Californie : l’Uber-économie contestée

«L’ action judiciaire en nom collectif » – la fameuse class action popularisée par le film Erin Brockovich – que vont pouvoir désormais intenter 3 chauffeurs d’Uber en Californie fait déjà pas mal de remous en Californie. Son objectif ? Faire requalifier leur statut d’auto-entrepreneurs en celui d’employés de la société. Même si elle ne risque d’aboutir que dans plusieurs années, l’affaire met en lumière le recours massif à la sous-traitance dans un pays où plus de 3 millions d’actifs ne sont plus aujourd’hui que de la « main-d’œuvre flexible »… Un modèle qu’Uber souhaiterait bien exporter !

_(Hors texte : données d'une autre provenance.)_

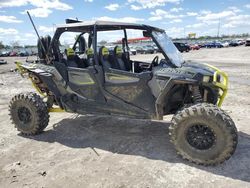 Salvage cars for sale from Copart Cahokia Heights, IL: 2016 Polaris RZR XP 4 1000 EPS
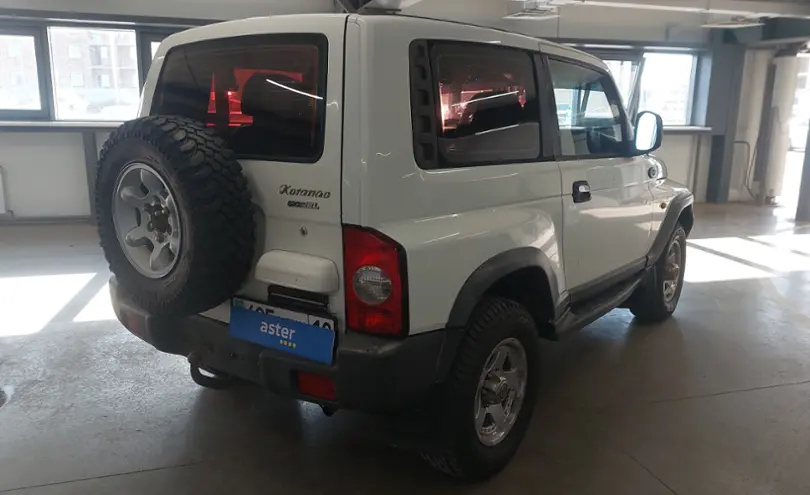 SsangYong Korando 1997 года за 2 000 000 тг. в Астана фото 3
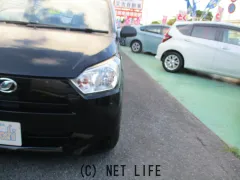 ダイハツ ミライース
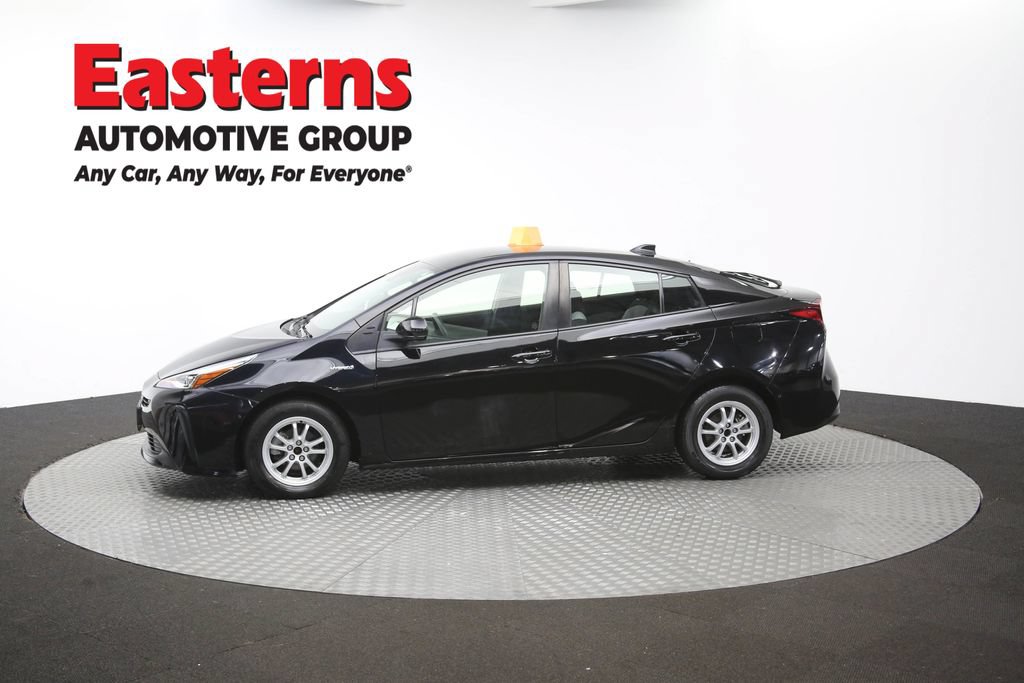 Used 2022 Toyota Prius LE FWD image 60
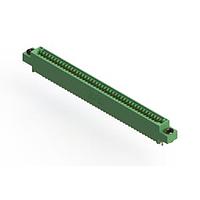 EDAC 345-044-500-603 Standard Card Edge Connectors .100" (2.54mm) Pitch Card Edge Connector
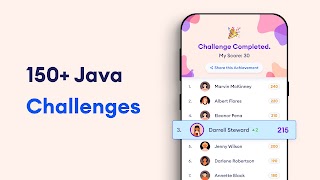 Learn Java captura de pantalla 5
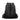 20L Cordura backpack in dark gray/black with mesh back panel and side carry straps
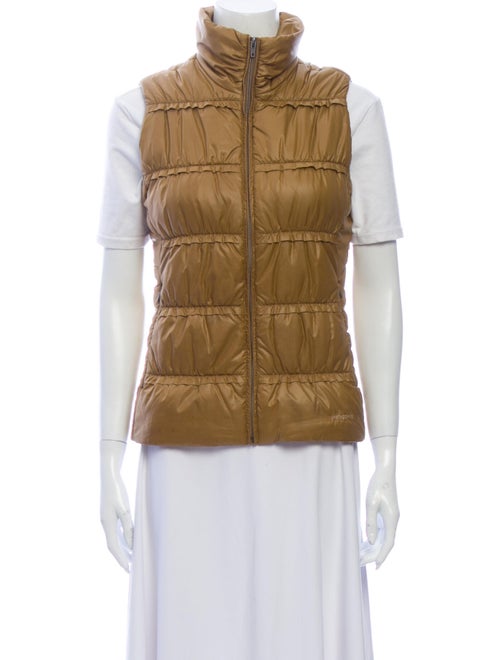 Patagonia Vest Brown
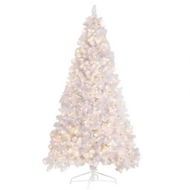 Detailed information about the product Jingle Jollys Christmas Tree 2.1m 500 LED Xmas Tree Decorations White 1260 Tips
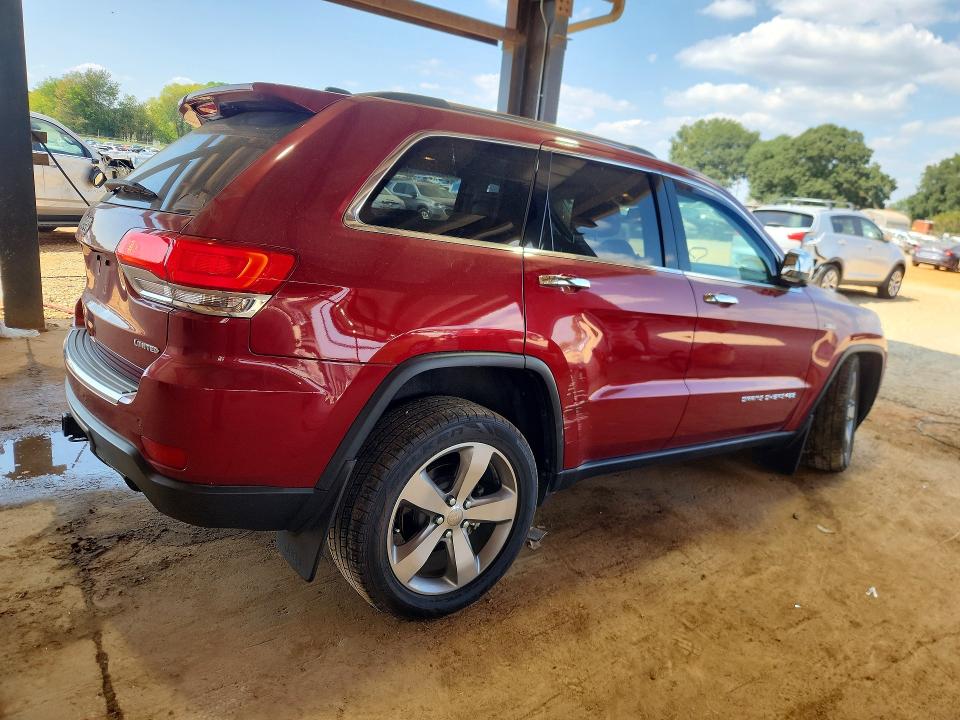 Aukcja sprzedaży 2014 Jeep Grand Cherokee, vin: 1C4RJFBTXEC147236, numer aukcji: 68820536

Salariés ou indépendants ?
Uber doit faire face aujourd’hui à une contestation grandissante dans l’État qui l’a vue naître. L’enjeu est crucial pour la société qui, si d’aventure elle perdait le procès, verrait s’effondrer tout simplement son modèle économique. Malgré leur récente condamnation à payer à l’une de leurs conducteurs ses frais d’assurance et de péage, les dirigeants d’Uber minimisent la portée du jugement : il ne concernerait que quelques milliers de chauffeurs sur les 160 000 répertoriés en Californie depuis le lancement de l’application en 2009… Normal, Uber a pris la précaution de faire signer il y a peu à ses chauffeurs une clause par laquelle ils renoncent à leur droit d’intenter un recours collectif ! Au cours de la procédure, la société a même tenté de produire une pétition signée par 400 chauffeurs déclarant être satisfaits de leur statut actuel. Un argument rejeté par le juge Chen qui a estimé l’échantillon « statistiquement insignifiant ». La jurisprudence pourrait faire tache d’huile sur l’ensemble des 50 États américains, c’est en tout cas ce que promet l’avocate des chauffeurs, Shannon Liss-Riordan, célèbre pour avoir déjà fait plier FedEx, le géant de la livraison de colis, dans un procès de même nature…
Pratiques illégales
Coïncidence ou pas, dans sa décision du 31 août 2015, le National Labor Relations Board (bureau chargé d’enquêter sur les pratiques illégales dans le monde du travail aux États-Unis) a estimé qu’intérimaires et sous-traitants pourraient être considérés comme des employés à part entière, même dans le cas où ils ne seraient pas sous l’entière supervision de l’entreprise contractante. À partir du moment où l’entreprise contraint ses sous-traitants à respecter horaires, code vestimentaire, tarifs, etc., elle est considérée comme employeur direct et ne peut plus s’exonérer des impôts et cotisations sociales qui lui sont exigés. Une décision qui a fait bondir le patronat américain et dont les répercussions dans les secteurs de la restauration rapide et du BTP vont bien au-delà du cas Uber.
Enjeu de campagne
L’affaire s’invite même dans la course à la présidentielle de 2016. Hillary Clinton, candidate démocrate, demande à la classe politique et aux citoyens de s’interroger sur ce que signifieront demain les notions mêmes d’emploi et de protection du salarié. Aux États-Unis, la révolte des « travailleurs 1099 » – du nom du formulaire utilisé par leur contractant pour les déclarer comme indépendants – commence à inquiéter les investisseurs des giga-start-up telle Uber qui savent que la viabilité de ces sociétés reposent essentiellement sur l’utilisation massive de sous-traitants. En témoigne le nombre de sites où les internautes s’interrogent sur la validité de leur contrat. En témoigne également le souci des États à travers le monde de maintenir la cohésion et l’équité sociales face à des multinationales qui s’affranchissent (légalement ) de tout impôt et cotisation.